5th U.S. Circuit Court of Appeals
Reese, et al. v. Bureau of Alcohol, Tobacco, Firearms, and Explosives, et al.
No. 23-30033 1/30/25
Issue:
Does 18 U.S.C. 922(b)(1) and (c)(1), which prohibits Federal Firearms Licensees from selling handguns to 18-to-20-year-old adults, violate the Second Amendment?
Holding:
Yes. “There are no age or maturity restrictions in the plain text of the [Second] Amendment, as there are in other constitutional provisions. … This suggests that the Second Amendment lacks a minimum age requirement.” The Court also concluded that the history of firearm use in the U.S., “particularly in connection with militia service, contradicts the premise that 18-to-20-year-olds are not covered by the plain text of the Second Amendment.” Read opinion.
Commentary:
The bulk of this very lengthy opinion focused upon whether 18-to-20-year-olds constitute part of the “people” mentioned in the Second Amendment.
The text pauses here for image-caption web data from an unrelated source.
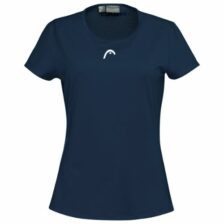 Head Tie-break T-shirt Women Dark Blue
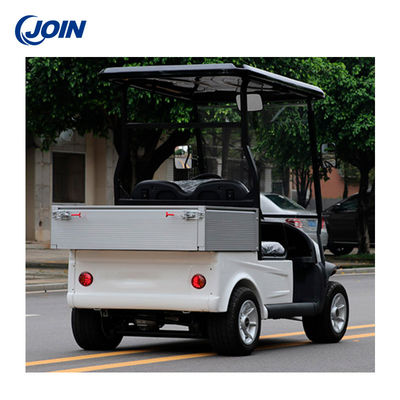 OEM 800 * 1100 * 280mm صندوق شحن من الألومنيوم لعربات الجولف المساعدة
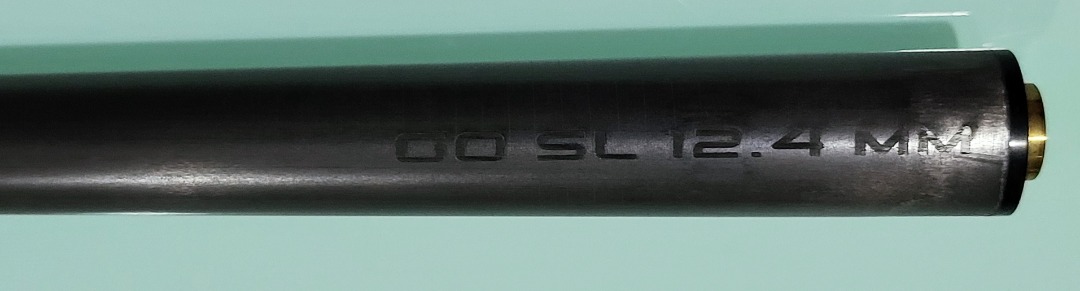 Go Customs Go SL Composite Carbon Fiber Pool Cue Shaft - Great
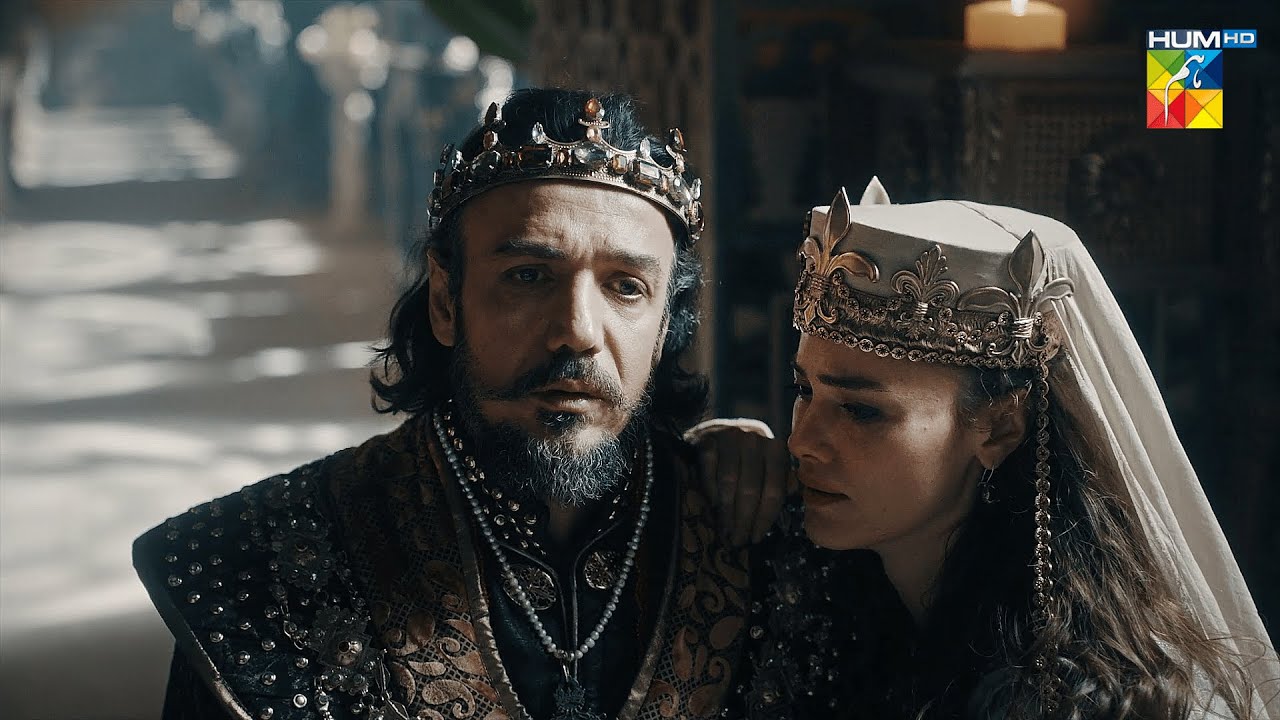 Apne Betay Ka Ilaj Mahir Tabib Se Karwao Ga... Sultan Salahuddin Ayyubi - HUM TV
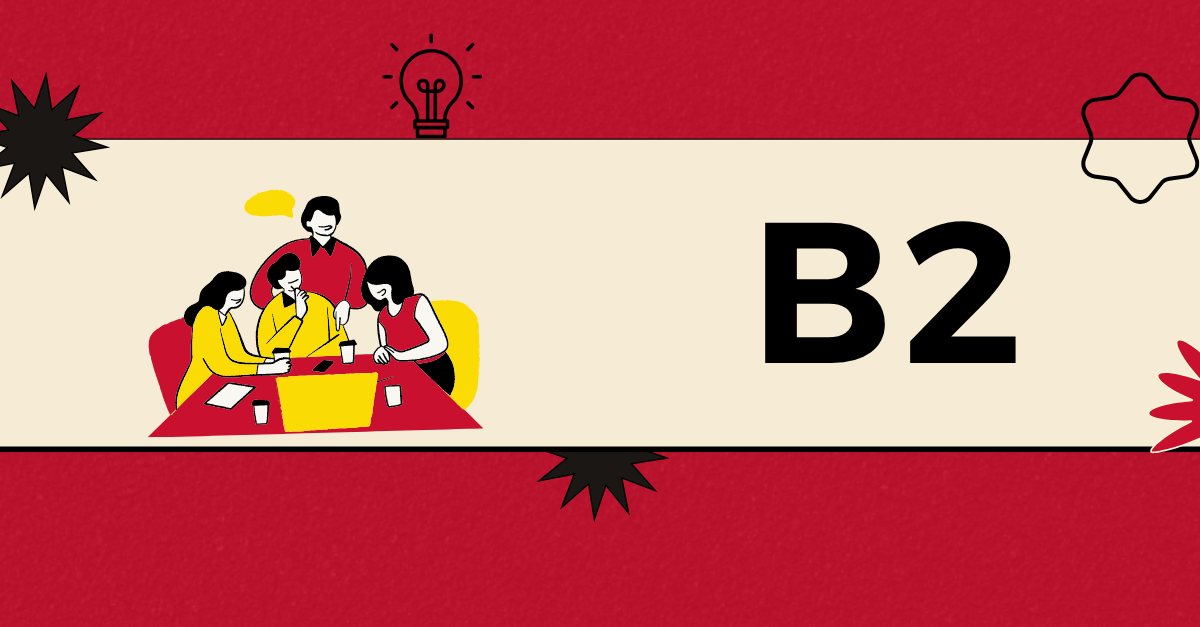 كورس B2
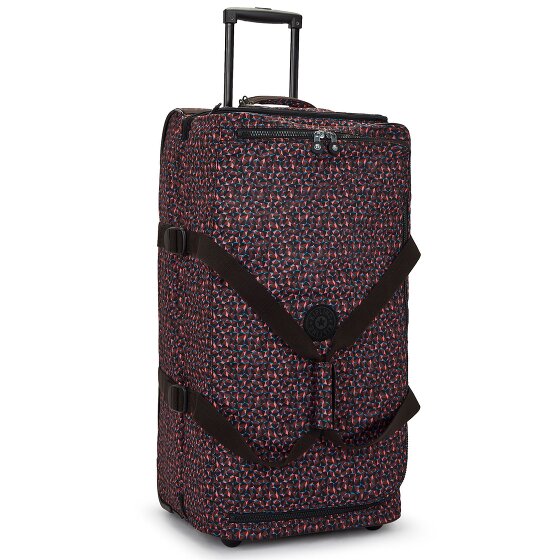 Kipling Basic Prt Teagan 2 wielen Reistas L 77 cm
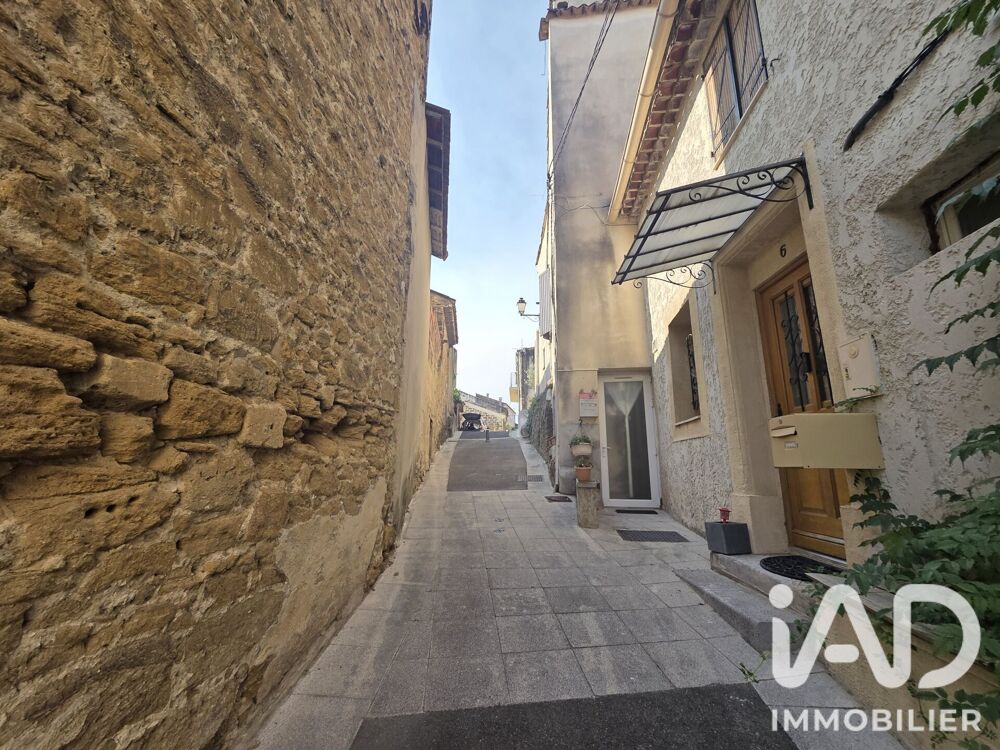 Vente Maison de village 5 pièces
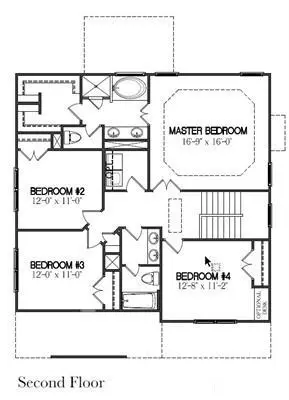 57 Ravencliff Rdg, Garner, NC 27529 photo 25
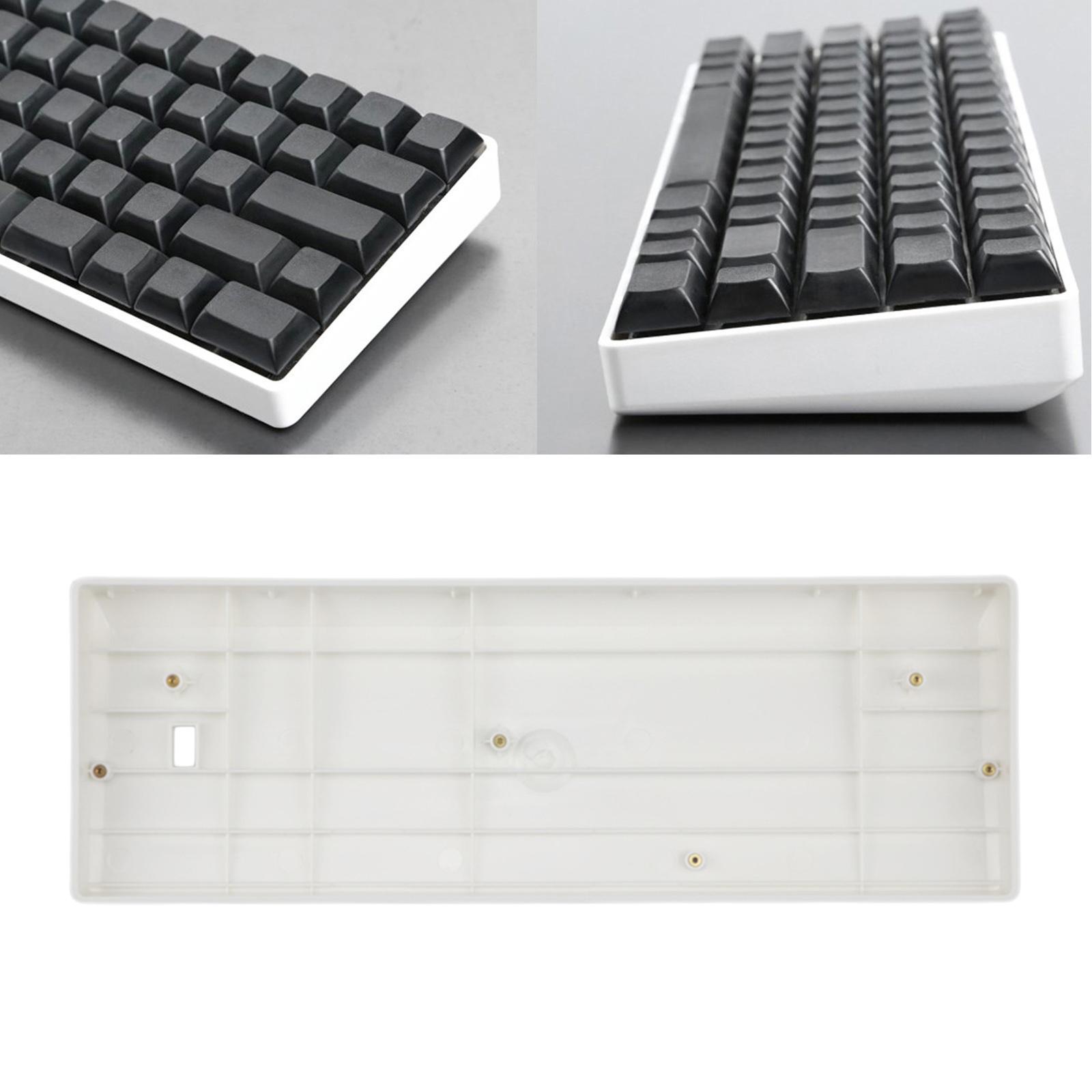 60% Compact Keyboard Case Compatible with GH60 POKER2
The historical analysis is quite thorough, but the fact that 18-year-olds could serve in a militia at the time of the founding seems to be the strongest evidence used by the court in finding that 18-to-20-year-olds are included in the Second Amendment. This decision could call into question the continued validity of a prosecution under §46.02(a) of the Penal Code when the defendant is under 21 years old. Decisions of federal courts of appeals are not binding in Texas state court, but they are certainly of persuasive authority. Prosecutions under §46.02(a) are already difficult, so take this decision into account until a higher federal court or Texas state court weighs in on the issue. In light of the fact that a federal court of appeals has declared a federal statute to be unconstitutional, prosecutors should expect that the United States Supreme Court will want to review this decision, just as the Court recently did in the Rahimi case. But do not count on the same result reached by the Court in Rahimi. The Supreme Court could very well agree with the federal court of appeals in this case and hold that the statute is unconstitutional.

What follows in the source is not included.